Where a line in the entries below contains the word "available", it counts; give the total by itself.

The records:
———

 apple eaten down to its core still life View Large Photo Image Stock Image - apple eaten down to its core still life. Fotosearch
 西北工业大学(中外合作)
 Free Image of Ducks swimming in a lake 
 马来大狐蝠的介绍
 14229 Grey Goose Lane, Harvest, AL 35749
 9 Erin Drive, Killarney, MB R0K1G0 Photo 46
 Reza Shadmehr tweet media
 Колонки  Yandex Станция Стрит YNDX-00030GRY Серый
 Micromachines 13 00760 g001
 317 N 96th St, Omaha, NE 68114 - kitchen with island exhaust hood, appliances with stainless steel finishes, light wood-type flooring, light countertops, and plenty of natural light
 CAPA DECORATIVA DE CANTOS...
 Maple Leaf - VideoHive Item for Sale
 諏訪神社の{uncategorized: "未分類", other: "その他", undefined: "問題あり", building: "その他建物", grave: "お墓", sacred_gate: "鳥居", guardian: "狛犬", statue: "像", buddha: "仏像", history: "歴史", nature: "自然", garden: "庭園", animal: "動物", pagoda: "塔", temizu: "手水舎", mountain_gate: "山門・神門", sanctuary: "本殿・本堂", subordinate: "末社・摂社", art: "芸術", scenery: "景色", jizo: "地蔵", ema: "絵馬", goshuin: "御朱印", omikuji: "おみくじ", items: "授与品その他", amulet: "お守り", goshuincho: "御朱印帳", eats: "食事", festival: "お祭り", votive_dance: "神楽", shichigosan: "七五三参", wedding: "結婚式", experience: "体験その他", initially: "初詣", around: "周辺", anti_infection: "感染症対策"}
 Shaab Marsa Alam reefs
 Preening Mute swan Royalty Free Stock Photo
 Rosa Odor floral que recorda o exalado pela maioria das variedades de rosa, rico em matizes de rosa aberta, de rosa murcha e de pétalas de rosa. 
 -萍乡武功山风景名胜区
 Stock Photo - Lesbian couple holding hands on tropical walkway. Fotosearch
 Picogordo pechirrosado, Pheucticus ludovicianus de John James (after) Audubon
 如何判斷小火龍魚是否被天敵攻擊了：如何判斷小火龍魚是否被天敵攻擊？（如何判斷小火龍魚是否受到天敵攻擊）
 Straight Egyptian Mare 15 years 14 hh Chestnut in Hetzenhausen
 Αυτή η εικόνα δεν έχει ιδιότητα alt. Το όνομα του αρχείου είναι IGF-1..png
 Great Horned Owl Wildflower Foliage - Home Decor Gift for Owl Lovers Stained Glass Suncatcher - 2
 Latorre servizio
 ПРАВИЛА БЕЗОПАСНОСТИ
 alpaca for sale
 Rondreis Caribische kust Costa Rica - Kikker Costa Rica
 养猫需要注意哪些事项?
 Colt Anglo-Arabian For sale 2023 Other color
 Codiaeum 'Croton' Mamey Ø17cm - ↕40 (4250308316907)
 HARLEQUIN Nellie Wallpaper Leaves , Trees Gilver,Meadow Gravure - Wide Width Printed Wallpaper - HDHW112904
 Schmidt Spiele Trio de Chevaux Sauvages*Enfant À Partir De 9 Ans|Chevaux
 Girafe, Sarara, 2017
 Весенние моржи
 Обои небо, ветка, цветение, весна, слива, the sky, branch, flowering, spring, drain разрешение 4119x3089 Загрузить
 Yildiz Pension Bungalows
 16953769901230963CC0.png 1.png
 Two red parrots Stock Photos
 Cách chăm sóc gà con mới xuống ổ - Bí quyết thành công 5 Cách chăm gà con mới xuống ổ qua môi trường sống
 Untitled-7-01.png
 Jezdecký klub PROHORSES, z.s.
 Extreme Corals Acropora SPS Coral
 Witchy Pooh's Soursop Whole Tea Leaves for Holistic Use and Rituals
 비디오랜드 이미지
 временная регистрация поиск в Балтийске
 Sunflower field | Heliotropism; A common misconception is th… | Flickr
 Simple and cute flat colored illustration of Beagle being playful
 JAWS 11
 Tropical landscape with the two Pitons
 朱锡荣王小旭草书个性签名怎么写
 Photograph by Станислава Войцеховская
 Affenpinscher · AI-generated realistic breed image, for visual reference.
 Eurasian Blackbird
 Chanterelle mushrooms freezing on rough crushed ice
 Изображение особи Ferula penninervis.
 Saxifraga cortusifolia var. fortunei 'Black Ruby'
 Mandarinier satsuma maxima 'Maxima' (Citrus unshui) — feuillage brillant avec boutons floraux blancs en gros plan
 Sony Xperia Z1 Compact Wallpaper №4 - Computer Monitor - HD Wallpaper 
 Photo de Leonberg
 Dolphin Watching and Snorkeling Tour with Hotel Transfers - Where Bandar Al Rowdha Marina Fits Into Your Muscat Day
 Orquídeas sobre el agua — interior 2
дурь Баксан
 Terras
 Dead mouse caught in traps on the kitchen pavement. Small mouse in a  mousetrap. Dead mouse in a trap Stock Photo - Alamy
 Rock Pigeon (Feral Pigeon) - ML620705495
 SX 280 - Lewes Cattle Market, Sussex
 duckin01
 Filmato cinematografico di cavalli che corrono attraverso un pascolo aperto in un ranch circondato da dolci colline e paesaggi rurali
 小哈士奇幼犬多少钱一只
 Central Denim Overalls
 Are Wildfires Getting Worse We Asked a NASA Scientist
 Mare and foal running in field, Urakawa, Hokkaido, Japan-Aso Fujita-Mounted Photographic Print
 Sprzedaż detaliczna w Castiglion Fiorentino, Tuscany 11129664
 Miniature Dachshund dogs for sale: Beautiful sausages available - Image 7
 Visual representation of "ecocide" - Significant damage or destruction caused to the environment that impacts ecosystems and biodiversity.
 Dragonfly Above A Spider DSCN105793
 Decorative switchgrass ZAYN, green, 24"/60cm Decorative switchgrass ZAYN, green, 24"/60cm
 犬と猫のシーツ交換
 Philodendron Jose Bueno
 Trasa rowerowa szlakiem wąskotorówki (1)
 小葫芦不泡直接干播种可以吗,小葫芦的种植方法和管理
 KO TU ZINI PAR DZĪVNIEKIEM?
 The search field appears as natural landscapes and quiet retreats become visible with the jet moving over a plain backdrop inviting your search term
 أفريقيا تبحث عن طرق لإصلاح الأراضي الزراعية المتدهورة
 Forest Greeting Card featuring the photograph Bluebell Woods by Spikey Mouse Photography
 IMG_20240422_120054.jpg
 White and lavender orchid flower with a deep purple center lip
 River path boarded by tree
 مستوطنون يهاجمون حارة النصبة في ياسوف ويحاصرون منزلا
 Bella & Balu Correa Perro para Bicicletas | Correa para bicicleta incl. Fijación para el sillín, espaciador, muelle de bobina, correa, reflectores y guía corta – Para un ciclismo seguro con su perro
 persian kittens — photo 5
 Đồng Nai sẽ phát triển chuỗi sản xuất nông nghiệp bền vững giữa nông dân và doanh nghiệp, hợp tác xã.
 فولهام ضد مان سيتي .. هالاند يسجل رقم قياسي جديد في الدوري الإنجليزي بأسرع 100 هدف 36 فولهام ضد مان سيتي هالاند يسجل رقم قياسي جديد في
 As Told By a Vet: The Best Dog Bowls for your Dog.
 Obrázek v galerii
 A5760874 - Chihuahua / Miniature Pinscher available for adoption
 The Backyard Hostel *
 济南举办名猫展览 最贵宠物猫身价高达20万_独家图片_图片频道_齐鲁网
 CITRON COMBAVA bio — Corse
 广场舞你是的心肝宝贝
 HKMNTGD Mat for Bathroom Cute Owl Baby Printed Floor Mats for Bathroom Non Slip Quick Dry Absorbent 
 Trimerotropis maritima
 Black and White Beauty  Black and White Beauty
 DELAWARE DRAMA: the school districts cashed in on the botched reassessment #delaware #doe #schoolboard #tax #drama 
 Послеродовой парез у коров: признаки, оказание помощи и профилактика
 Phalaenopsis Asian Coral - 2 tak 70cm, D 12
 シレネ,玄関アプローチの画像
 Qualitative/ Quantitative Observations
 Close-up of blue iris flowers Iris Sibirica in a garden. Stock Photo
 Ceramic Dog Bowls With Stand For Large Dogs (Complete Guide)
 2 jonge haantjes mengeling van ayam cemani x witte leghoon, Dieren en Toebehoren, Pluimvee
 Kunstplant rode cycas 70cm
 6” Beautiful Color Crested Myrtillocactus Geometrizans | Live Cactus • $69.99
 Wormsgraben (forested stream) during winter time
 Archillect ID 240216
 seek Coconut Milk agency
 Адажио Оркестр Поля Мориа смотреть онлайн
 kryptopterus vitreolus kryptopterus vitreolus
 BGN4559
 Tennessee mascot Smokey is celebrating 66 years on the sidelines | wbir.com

———

Answer for the task:
2